December 13, 2001 | Read Time: 4 minutes

With travel and tourism down sharply since the September 11 terrorist

attacks, many museums are seeing declines in income from admission fees, museum-shop sales, and even hotel and other tourism-related taxes collected by local governments. But not the Denver Art Museum.

Attendance at the museum has remained strong. A “European Masters” exhibit in September helped draw more than double the number of visitors during the same month a year ago. Even after that exhibit ended, attendance in October and November remained fairly strong, keeping the museum on track to easily top the 414,752 visitors logged in 2000.

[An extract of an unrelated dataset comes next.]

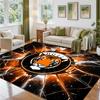 Hull City Fußball Design Kristall Samt Teppich Weiche Dekorative Matte für Schlafzimmer Eingang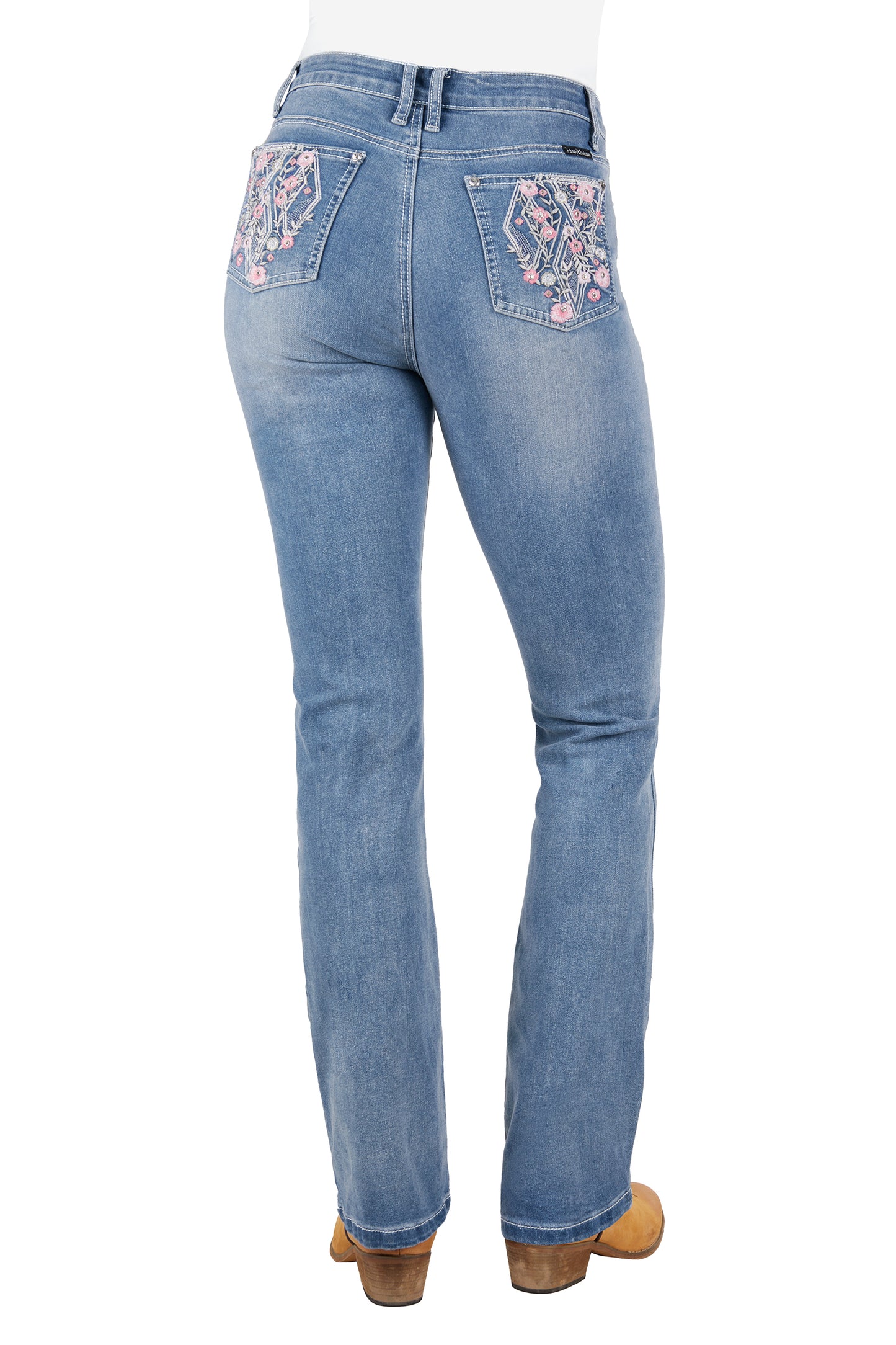 WMNS FLORA HI RISE B/CUT JEAN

Fund raising has also been going well. Lewis Sharp, the museum’s director, is especially pleased that the museum recently met its target for a $50-million campaign. The money will go into the museum’s endowment to support a new building that is being financed by a $62.5-million bond from the city of Denver. The building will quadruple the museum’s space and will include a restaurant, theater, and rooftop sculpture garden with mountain views.

“The thing we all feel pretty good about is that that $50-million was raised entirely within our 30-person board of trustees,” Mr. Sharp says. The museum’s board includes several corporate presidents and chairmen, including the chief executive officer of Titanium Metals Corporation and the chairman of US West.


Mr. Sharp feels reasonably confident that the museum can still tap other wealthy individuals in the Denver area, as well as foundations and corporations, to help raise an additional $20-million for the endowment.

The giving demonstrated by the board helps the museum make its pitches to other sources. “We have already had meetings with a number of foundations that are impressed with what the trustees have done, and they are committed to seeing the project move forward,” Mr. Sharp adds.

Mr. Sharp says he feels optimistic about other sources of revenue as well, such as the $5.6-million the museum receives from a local sales tax, a little more than a third of its $15.4-million budget. Since 1988, six Denver counties have collected a one-tenth-of-one-percent sales tax to support local arts and scientific organizations. The tax generates about $30-million a year for 300 local institutions, and to date, forecasts for the sales-tax revenue look fairly strong, Mr. Sharp says.

Nevertheless, he is concerned about what will happen if consumer spending declines in coming months, particularly if, for example, auto sales — which have had high volume in recent months due, in part, to offers of zero-percent financing — drop off.

“You get some people that are pretty optimistic about the Colorado economy and others just say it is gloom and doom,” he says. “Right now it is hard to guess exactly where we are going to come out with this thing.”


While the picture at the moment seems bright, the museum’s board of trustees has still asked Mr. Sharp and his staff to prepare two contingency budgets: One would reflect a 5-percent cut — or $750,000 — in the museum’s $15-million budget; the other would reflect changes needed if income from the sales tax declined 10 percent, or about $500,000.

Even if those contingency budgets become reality, Mr. Sharp says, he hopes to avoid layoffs.

“It’s pretty hard to take the money out of personnel because we are lean to begin with,” Mr. Sharp says. The museum is also trying to avoid cuts in its core art programs. Among the changes it is considering: eliminating special discount rates for group tours, as well as ending the extra hours on Wednesday nights for museum members.

While Mr. Sharp believes the planning will ensure a strong financial footing for his museum in the future, he says the events of recent months make it hard for nonprofit leaders to be certain about anything.

“If this is the ballgame that we have right now, I am cautiously optimistic,” he says. Still, he worries about the possibility of another terrorist attack, or another major corporate failure like Enron’s recent high-profile collapse. Observes Mr. Sharp: “As soon as you have some sense of the playing field, someone else comes at you, which complicates all of our lives.”